Richard Dowden's Thirty-Five Year Love Affair With Africa
Richard worked for the Times until 1986 when he became Africa Editor of the Independent and in 1995 took the post of Africa Editor at The Economist. He also made three television documentaries for the BBC and Channel 4 on Africa.
Question: How did you first arrive in Africa?
Richard Dowden: My name is Richard Dowden. I’m a journalist and I’m Director of the Royal African Society in Great Britain.
It’s hard to remember any one thing. After I left university, I wanted to travel. And I ran into these missionaries, the White Fathers. And they said, “Why don’t you come to Africa? It’s just wonderful.” And gradually, through that, they fix me up with a teaching job in a school.
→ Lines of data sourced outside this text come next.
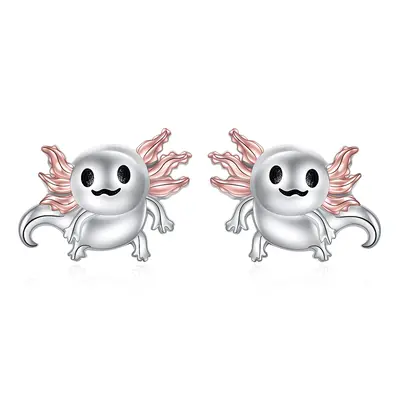 Sterling Silver Two-tone Axolotl Stud Earrings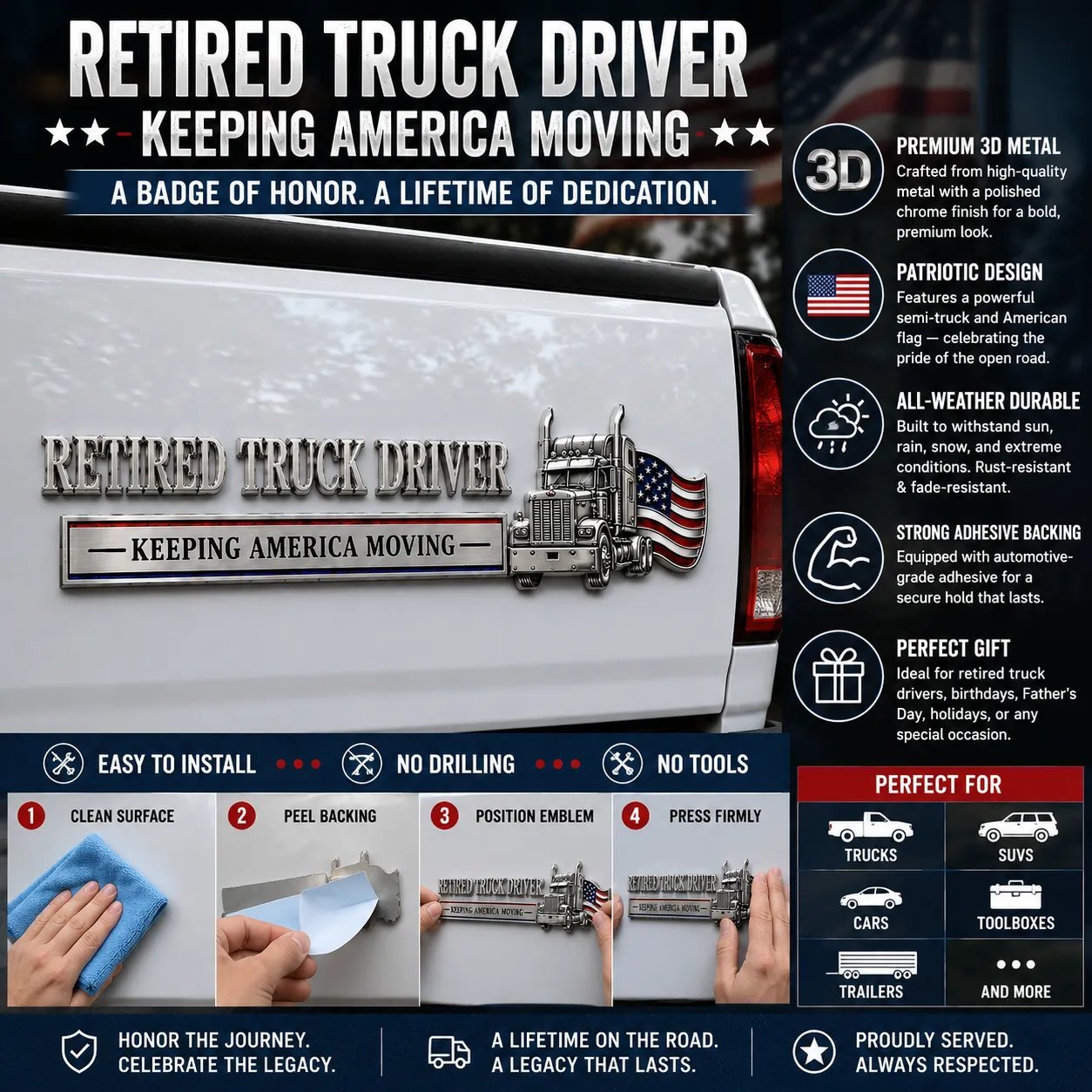 Mroace Retired Truck Driver Car Emblem Badge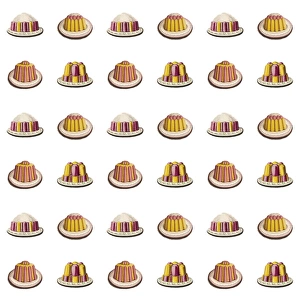 Repeating Pattern - Desserts on white background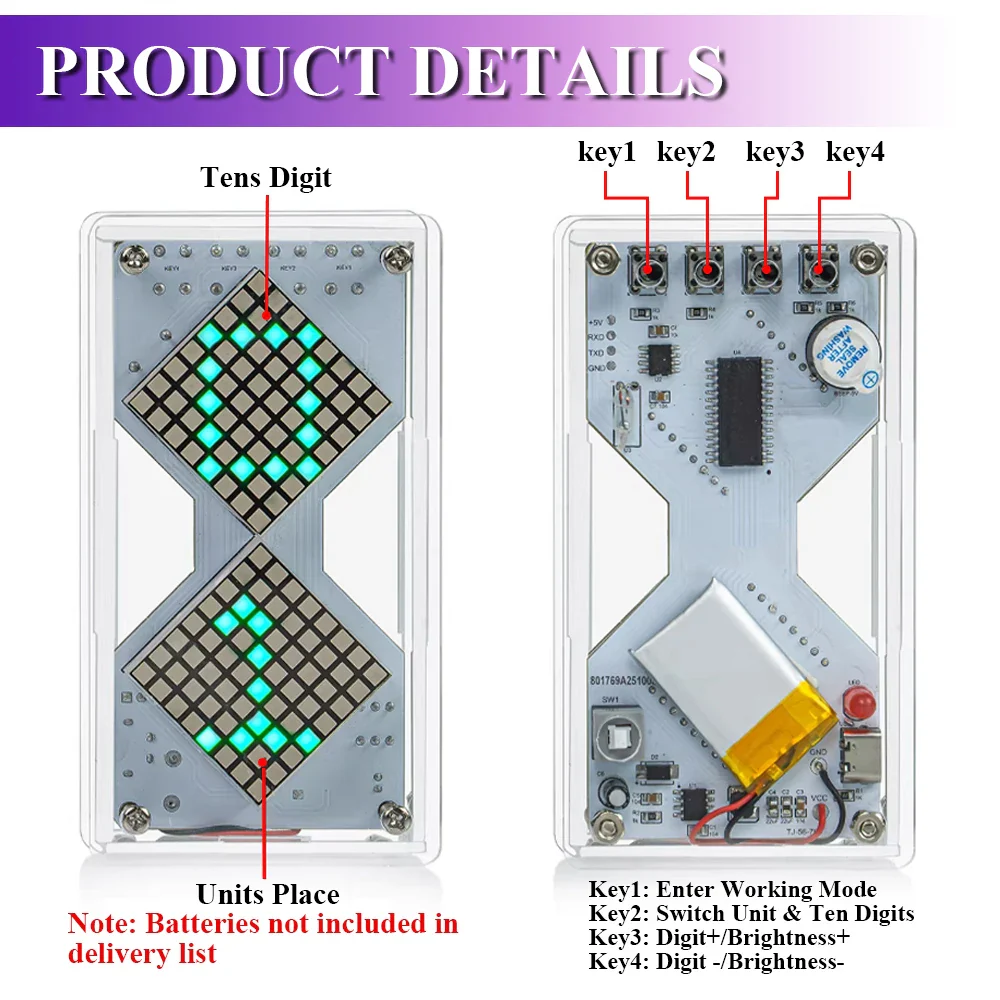 DIY Electronic Kit LED Dot Matrix Component Hourglass Gravity-Sensing Timer PCB Soldering Practice Kit Dual Power Supply DC5V - Image 4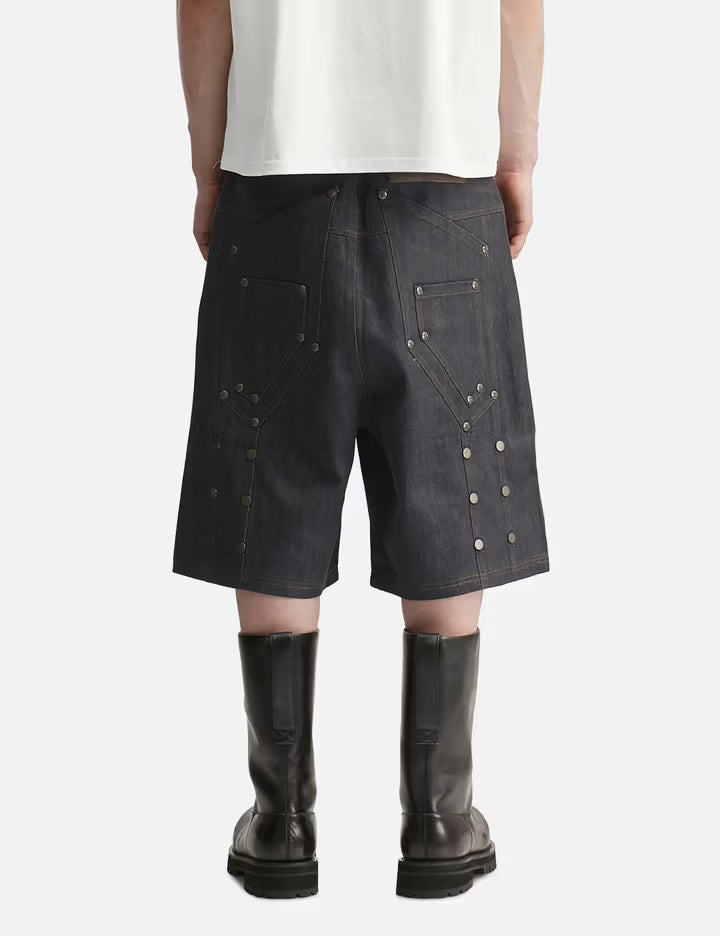 "Rexel" Waxed Double Knee Work Jorts In Japanese Raw Blue Denim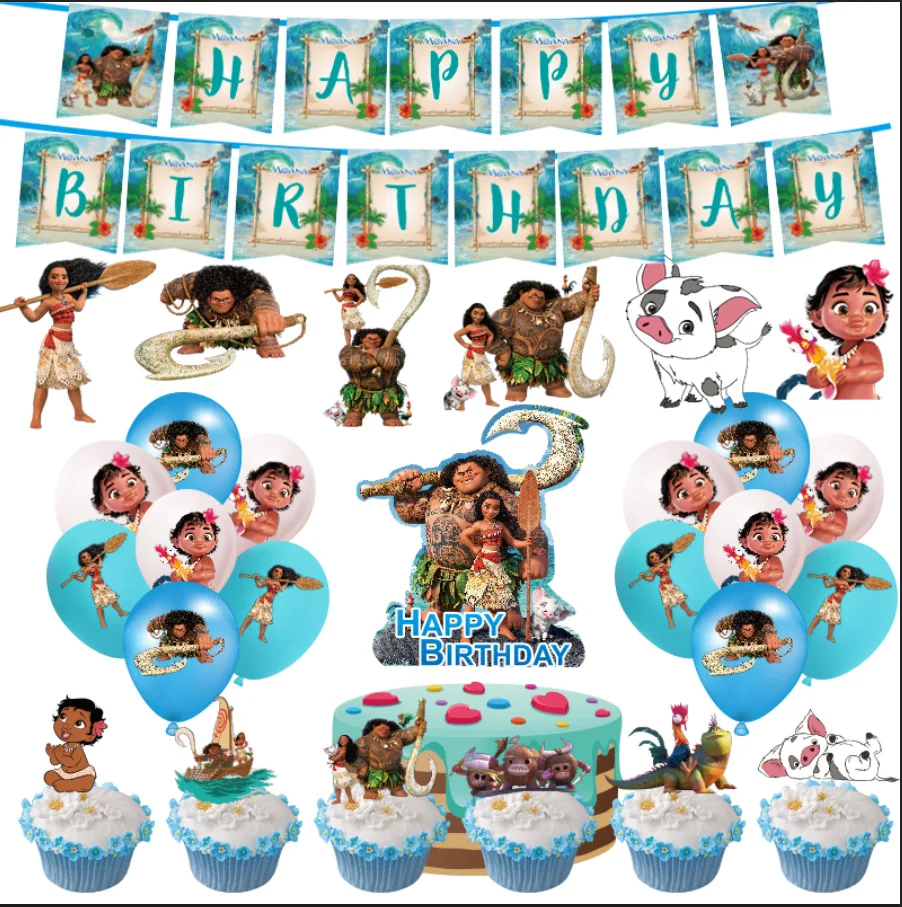 1set Disney Moana Theme Ballons Banners Decoration Moana Birthday Wedding Balloons Party Decorations Baby Shower Girl Gift Toys Ballons Accessories Aliexpress
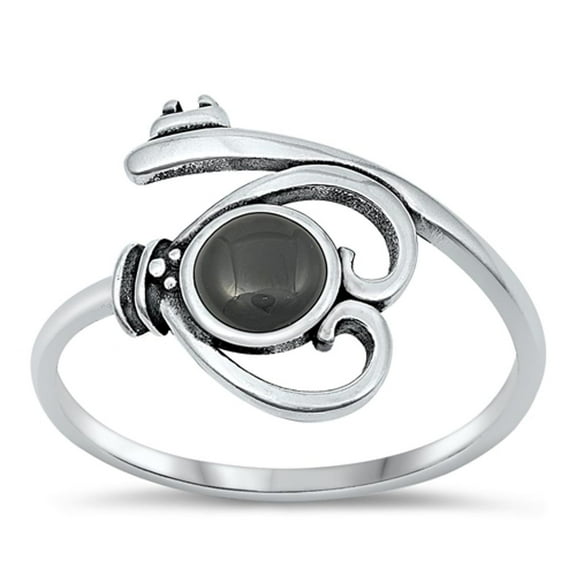 CHOOSE YOUR COLOR Black Simulated Agate Key Spoon Ring .925 Sterling Silver Bali Band CZ Female Size 4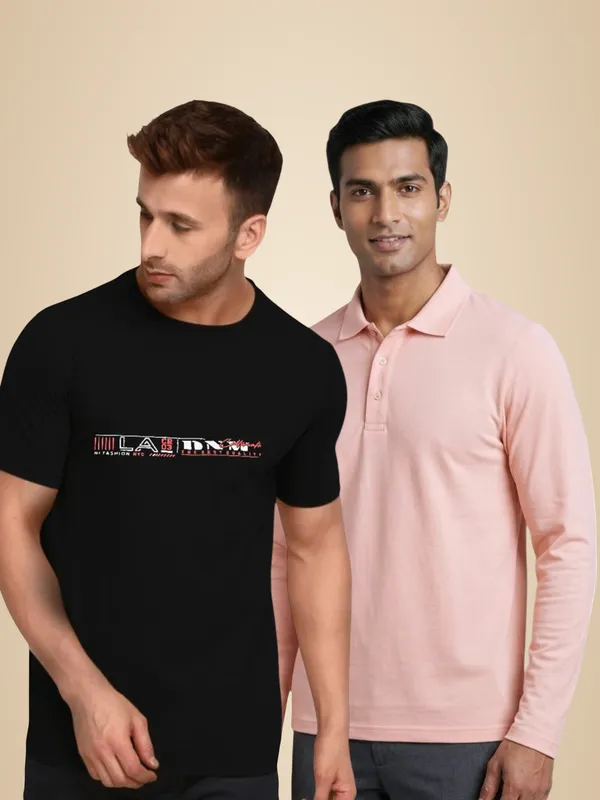 Black_And_Pink_Modern_Fit_Round_Neck_And_Polo_T_Shirt_Combo_Pack_Of_2_For_Men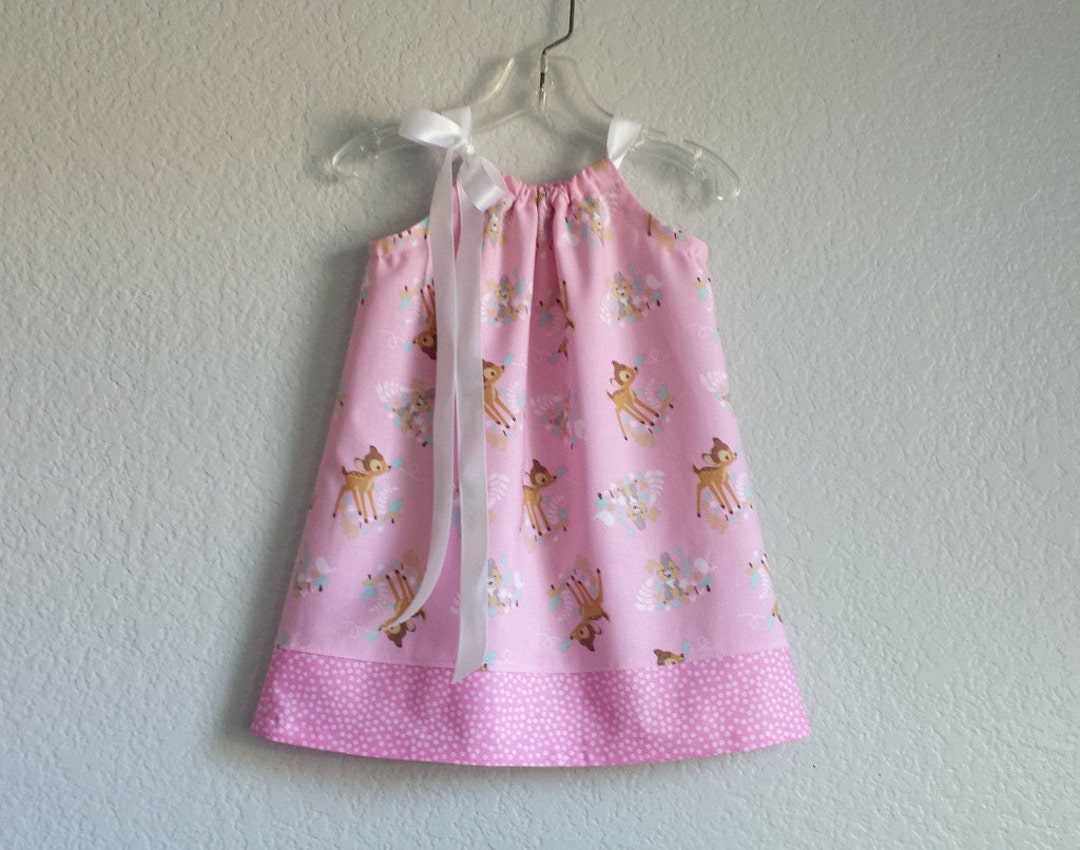 Girls Pink Woodland Dress With Baby Deer and Rabbit Friend, Forest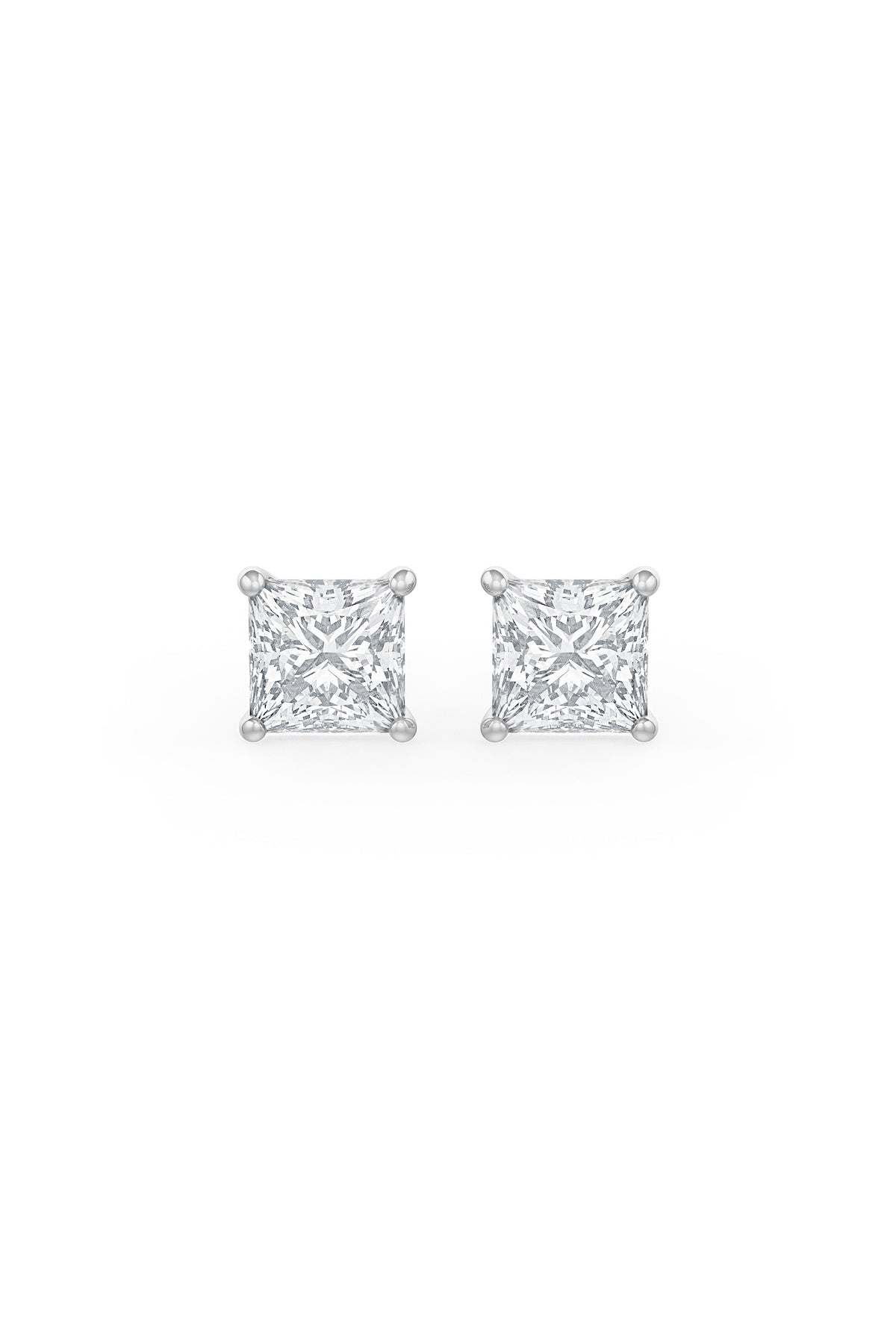 Square Shaped 6x6mm Solitaire Stud Earrings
And I didn’t want to live in a town, in a big school, I wanted to be out in a rural area. And that’s exactly where where I was. So that’s how I started in Africa.
I’ve been traveling there ever since. This is 1971, I first went to Uganda. And I left at the end of 1972. And then, after a succession of other jobs, I turned into a journalist.
And once I’ve had a job on a paper, I started nagging them and saying, I want to go to Africa. And went to South Africa in ’79. And then; go there in ’83. And since 1983, really, I’ve been doing it almost full time. That I did do a lot of work in the Middle East as well, in Iran, Iraq, Lebanon, and a couple of those areas sometimes.
Recorded: March 16, 2009
The journalist first entered the field after missionaries got him a teaching job in Uganda in 1971.